* _What the task asks_
Write out the records again exactly and exclude the pictures.

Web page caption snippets
════════════════

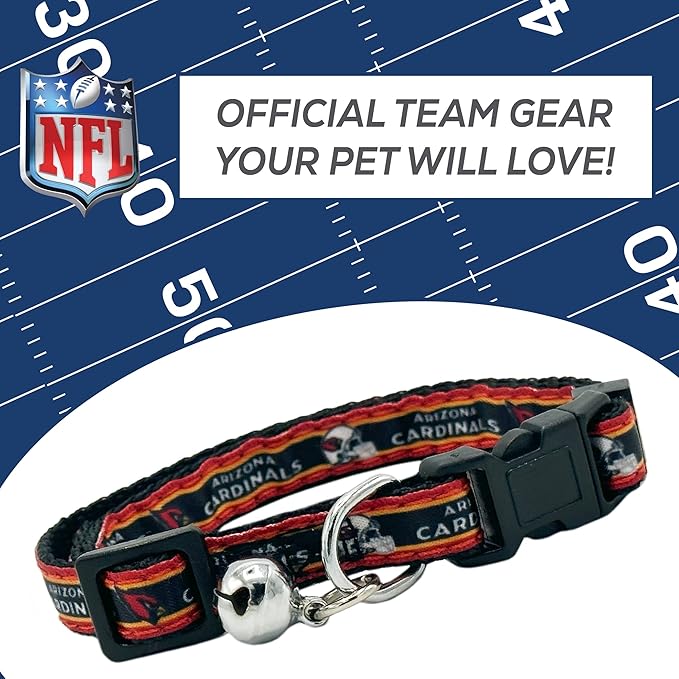 NFL CAT Collar Arizona Cardinals Satin Cat Collar Football Team Collar for Dogs & Cats. A Shiny & Colorful Cat Collar with Ringing Bell Pendant
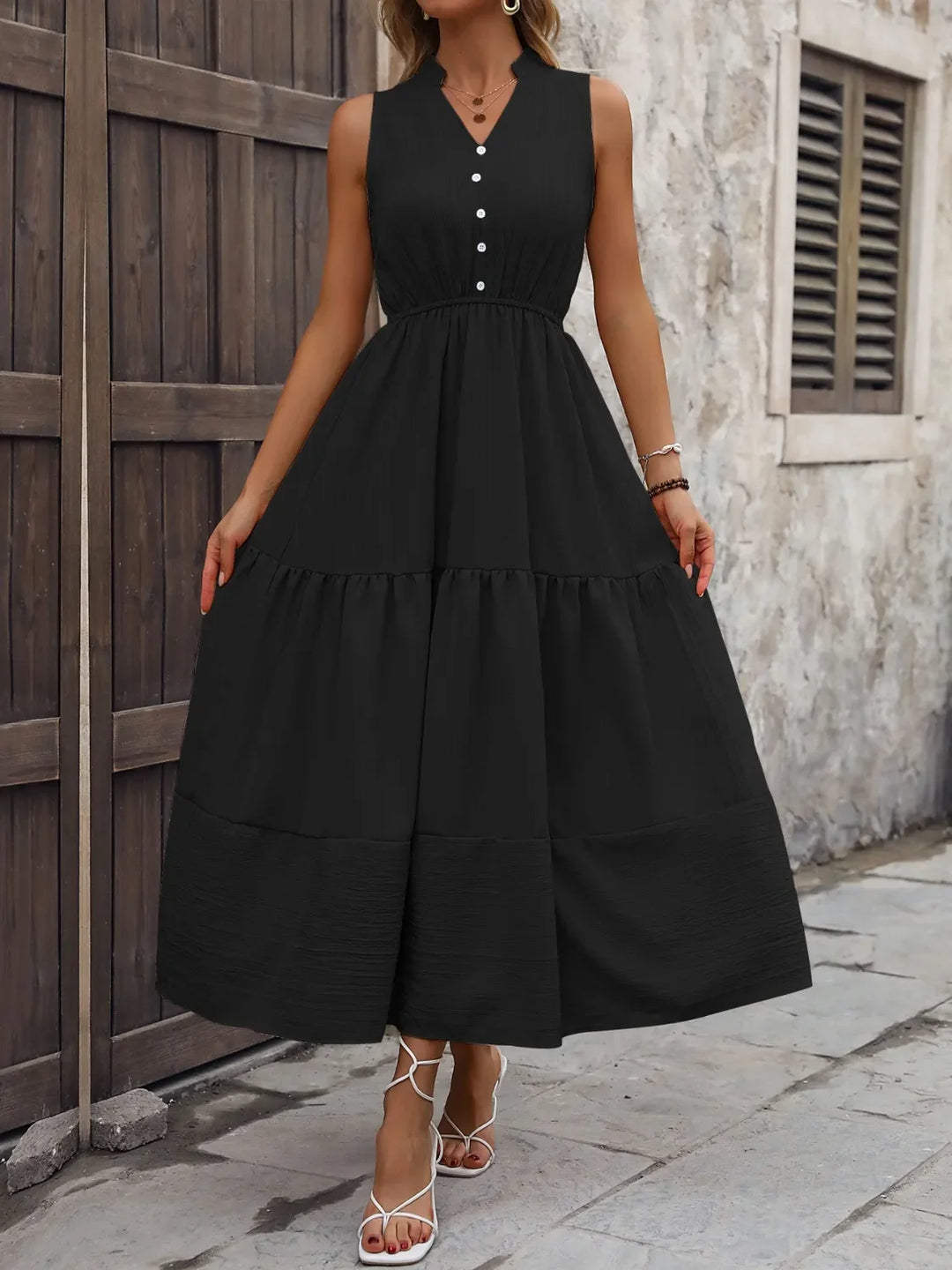 Notched Sleeveless Maxi Tank Dress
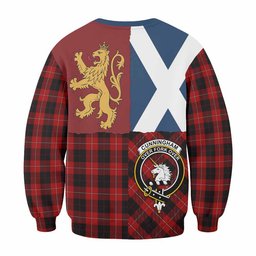 ScotsTee Shop Cunningham Crest Tartan Sweatshirt with Lion Rampant Saltire Style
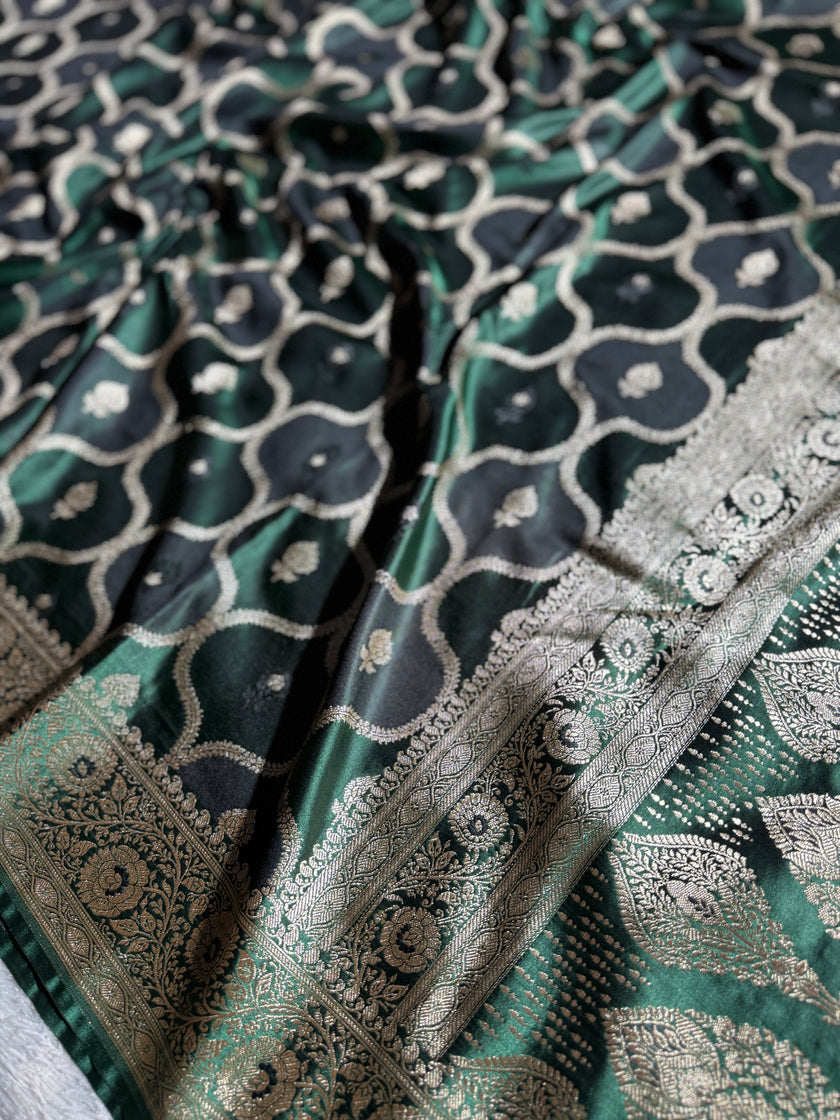 BANARASI MASHRU KATAN SILK SAREE RANGKAT DESIGN HN120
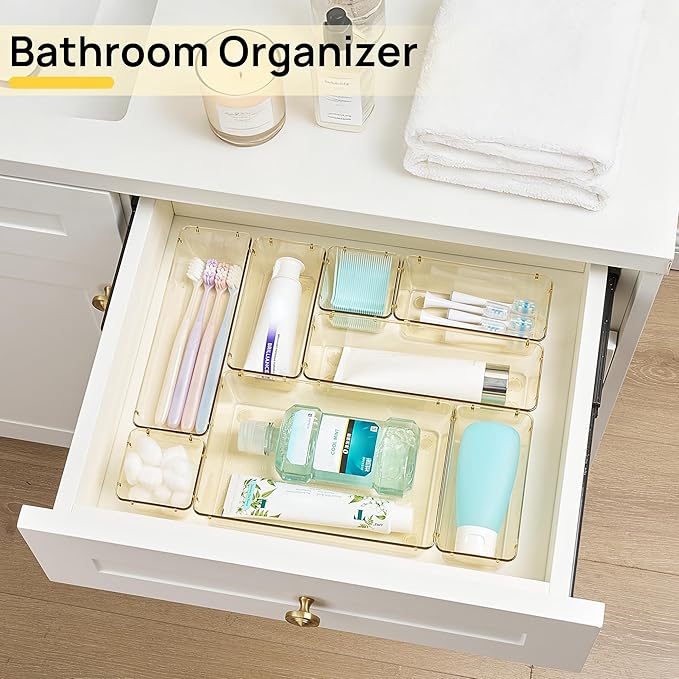 Vtopmart Clear Plastic Drawer Organizers for Bathroom (Clear Champagne)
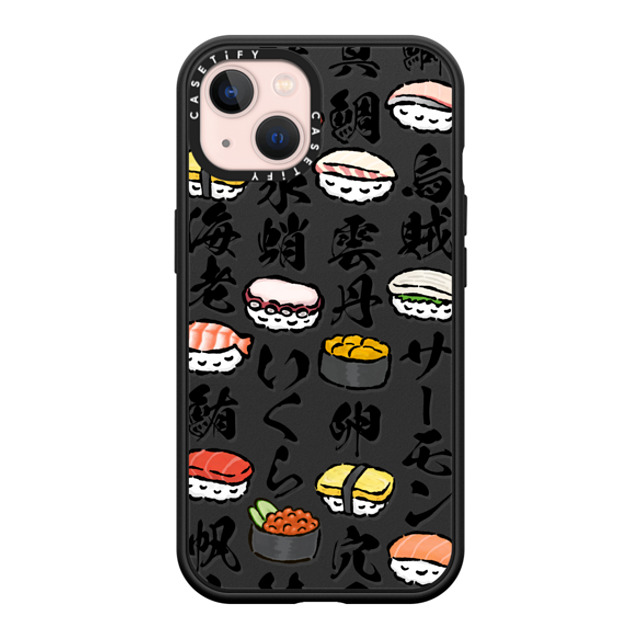 CASETiFY iPhone 13 ケース マットブラック インパクトケース MagSafe対応 Sushi Party mika shimizu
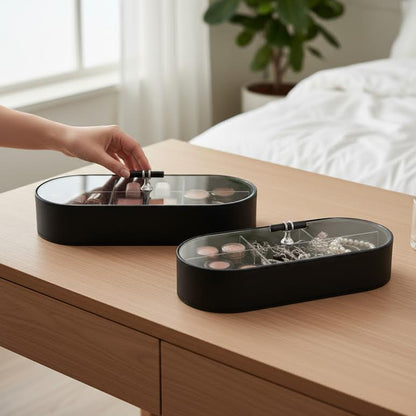 2 Piece Acrylic & Leather 6 Compartment Jewellery Box Black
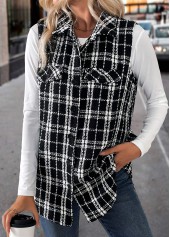 Plaid Patchwork Black Sleeveless Turn Down Collar Waistcoat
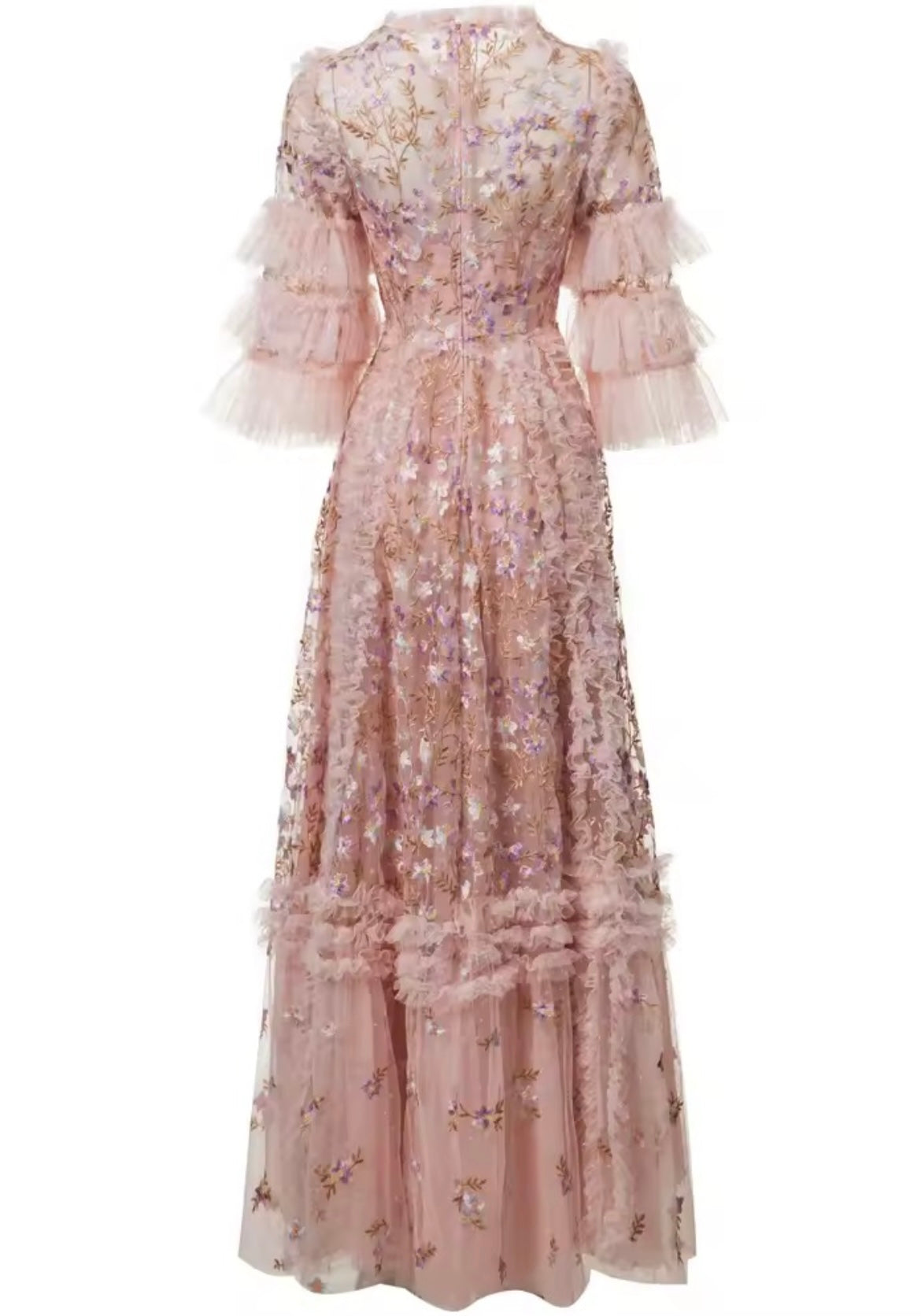 Maxi Vestido Tul Floreado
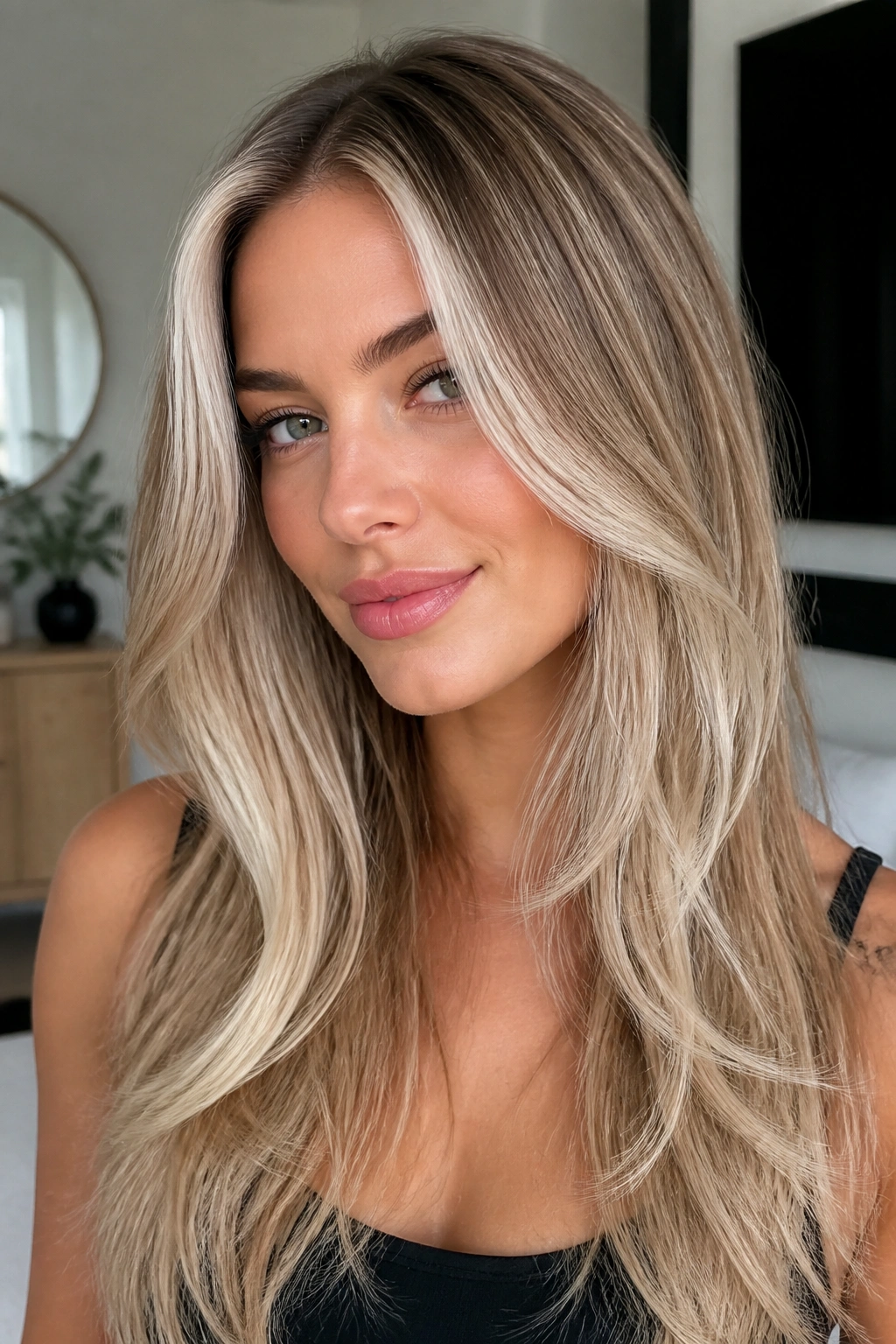 Close-up of a real woman with icy beige money piece framing the face on long layered blonde hair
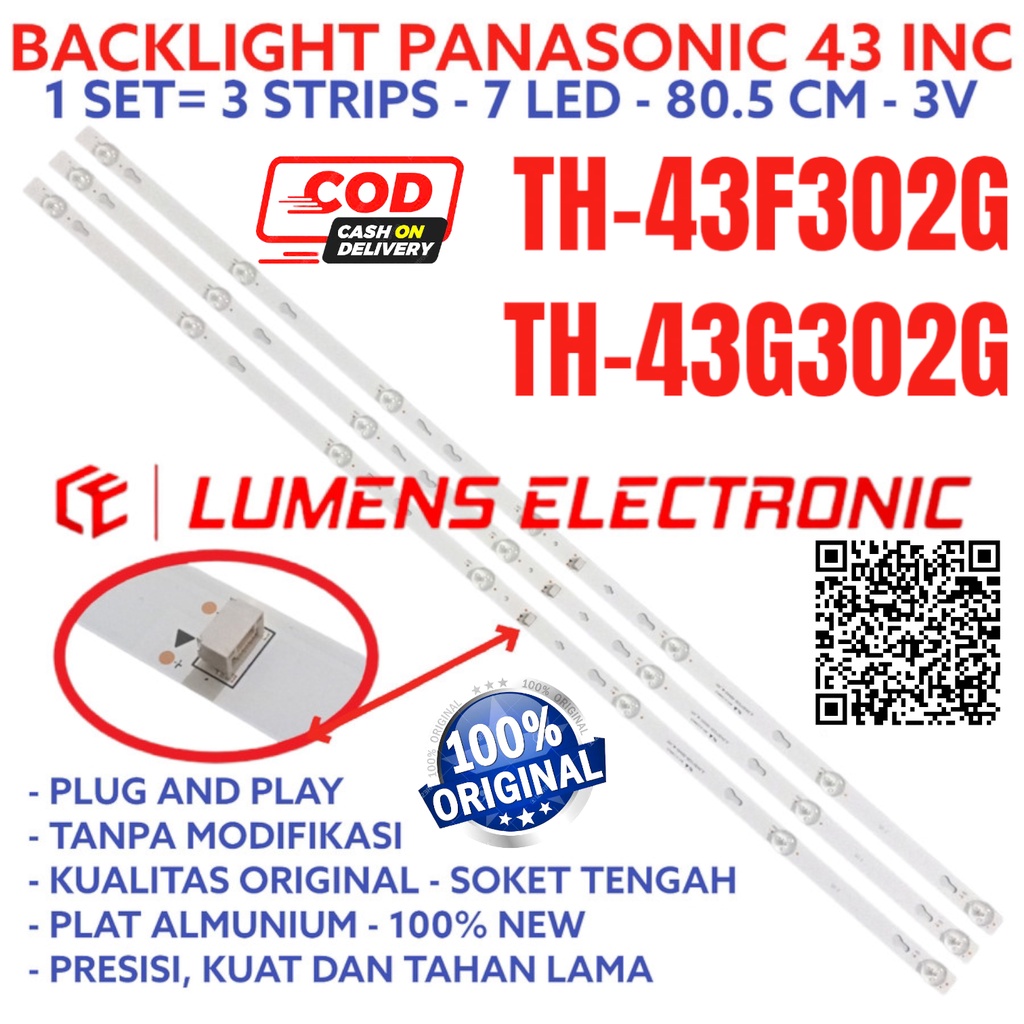 PANASONIC LED TV BACKLIGHT 43 INC TH 43F302 43G302 43F302G 43G302G BL 7K LAMP TH43F302G TH43G302G TH
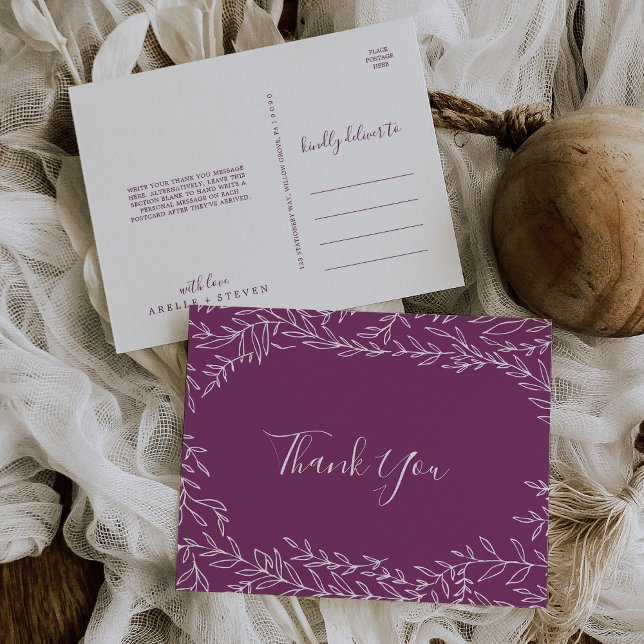 Minimal Leaf | Berry Purple Thank You Postcard (Creator Uploaded)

════════════════

* _Answer to the problem_
 NFL CAT Collar Arizona Cardinals Satin Cat Collar Football Team Collar for Dogs & Cats. A Shiny & Colorful Cat Collar with Ringing Bell Pendant
 Notched Sleeveless Maxi Tank Dress
 ScotsTee Shop Cunningham Crest Tartan Sweatshirt with Lion Rampant Saltire Style
 BANARASI MASHRU KATAN SILK SAREE RANGKAT DESIGN HN120
 Vtopmart Clear Plastic Drawer Organizers for Bathroom (Clear Champagne)
 CASETiFY iPhone 13 ケース マットブラック インパクトケース MagSafe対応 Sushi Party mika shimizu
 2 Piece Acrylic & Leather 6 Compartment Jewellery Box Black
 Plaid Patchwork Black Sleeveless Turn Down Collar Waistcoat
 Maxi Vestido Tul Floreado
 Close-up of a real woman with icy beige money piece framing the face on long layered blonde hair
 PANASONIC LED TV BACKLIGHT 43 INC TH 43F302 43G302 43F302G 43G302G BL 7K LAMP TH43F302G TH43G302G TH
 Minimal Leaf | Berry Purple Thank You Postcard (Creator Uploaded)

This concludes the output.